Eihks drew out White Essay, and held it at arm’s length. He made sure to grasp it along its dull side, in a style that clearly left little room for actually wielding it as a bladed weapon.
“Then I respectfully request you don’t do that with this one. Also an artifact, but one that the good people of the Esoteric Compendiate haven’t yet fully documented or quantified. Can’t say for sure that it’d cause problems. In the interests of erring with caution, I’d like to avoid compressing the thing for now. Not a huge chance that compression might play clevers with its Hiek machines and whatnot, I don’t think, but still. They want to finish studying the thing, and it’s due for another examination sometime. Two or three years at the earliest, and they’d like another chance to rack it into their systems and do a comprehensive analysis.”
He gave a little sideways-thumb-swipe of the forehead when his addressee transferred attention from the first artifact to the second.
“What is it?” the creature asked.
“It’s a…” Eihks huffed, stepping carefully through a bog of words for the RIGHT word.

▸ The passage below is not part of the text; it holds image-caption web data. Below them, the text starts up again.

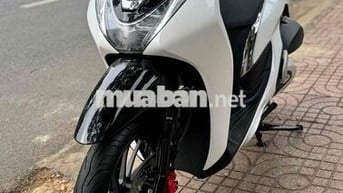 Honda SH Mode 2022 Trắng đen Sporty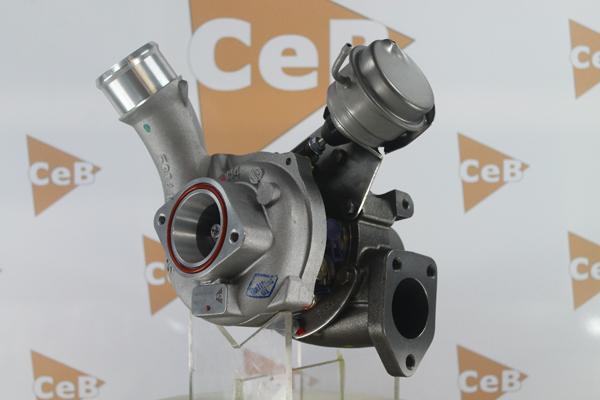 DA SILVA CB146 - Turbocompressore, Sovralimentazione autozon.pro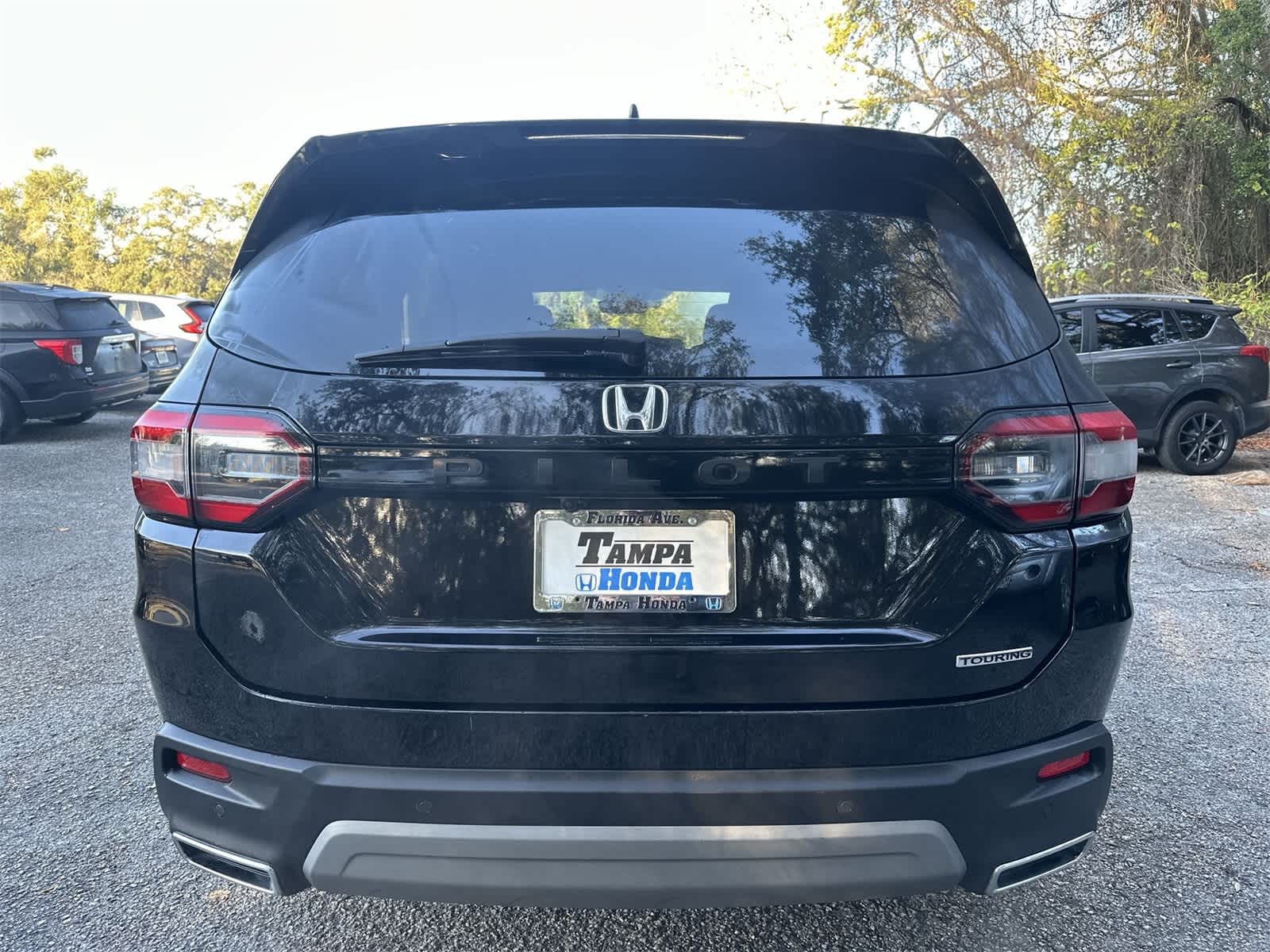 Thumbnail: 2025 Honda Pilot - 5
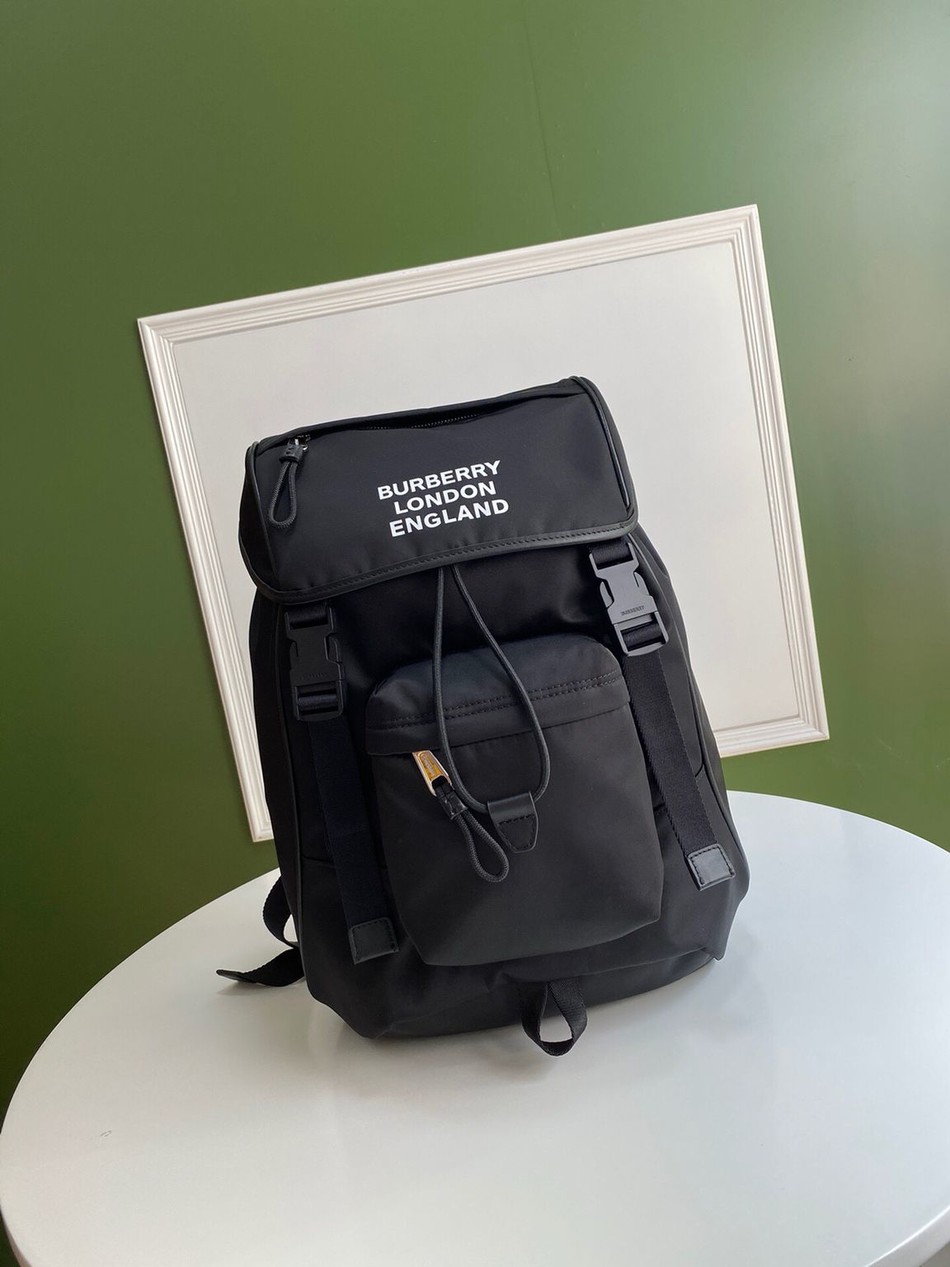 Burberry ECONYL Travel Backpack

He tripped, fell into the mire of pedantry, started drowning, and gave up.
“It’s a special cutting implement with literary ambitions,” he said.
“Oh,” replied the official. “Auditor, could you take please charge of this one?”
“Most certainly.”
The woman came forth, picked up the clip-pointed cleaver, and turned it over in her hands.
“I’ll get these back, right?” Eihks pressed, pointedly looking away from where White Essay was catching the light in its holder’s grip.
“Most certainly.”
“Good.”
“You have a lot of knives,” the official eventually said, not quite criticizing, after compressing the hamper and its contents.
“I like knives,” Eihks responded.
“Why?”
Because my grandfather is an absolute lunatic, and lunacy is conditionally genetic.
“Because you can use knives for just about anything.”
“That has some merit, even if only as a jest.”
There was a brief and very pronounced silence.
“Is there anything else that I need to present, prove, or process?” Eihks asked.
“No, Mr. Richard. Please, go right through the barrier. Any further instructions would be superfluous, so long as you observe and comply with the documentation you have been provided.”
“Then I thank you,” the explorer said, making sure to make his sincerity apparent. “You have other duties, I’m sure; I’ll leave you in relative peace.”
Farewells extended into that place humans identified as between good manners and discomfort. Then, the human turned to the transparent shell of the tuning field. He glanced over the naked-eye Monolith readout aligned with the barrier’s side, which educated him in the salient areas. Gravity: close to normal extrafacetary settings; acceleration a bit above fourteen meters per second squared. Air: nitrox slurry with various traces, a bit off from what humans historically found ideal but still livable. Magic: very limited thaumaturgy, mostly expressing as naturally-occurring phenomena and deific processes.
People: in trouble.
Well, this is exactly the reason I signed on. This is why I’m not out there in the gem right now, seeking more things to find, pioneering more untamed facets. The chance to Do Good.
A step, and then he was on the other side of the tuning field, on the edge of a wooded meadow, with a townish kind of place straddling the near distance. The little scrap of planet was beyond his ability to touch, or smell, or taste. His mind conjured qualia to fill the void even so: the scent of slow-roasting game, bright air brushing his tongue with metal mint, grass ineffectually scratching shoe-soles.
However, he didn’t have to imagine the appearance of a face tiled across the sky. As he watched, an auditor’s facsimile spoke down from on high, addressing the natives. The message content vaguely resembled “we come in peace,” as Rhaagm or Bequast were wont to occasionally do when contacting facetary civilizations.
Hoping to the Way that he was about to take part in something that would improve the quality of life of the subjects, Eihks lengthened his stride.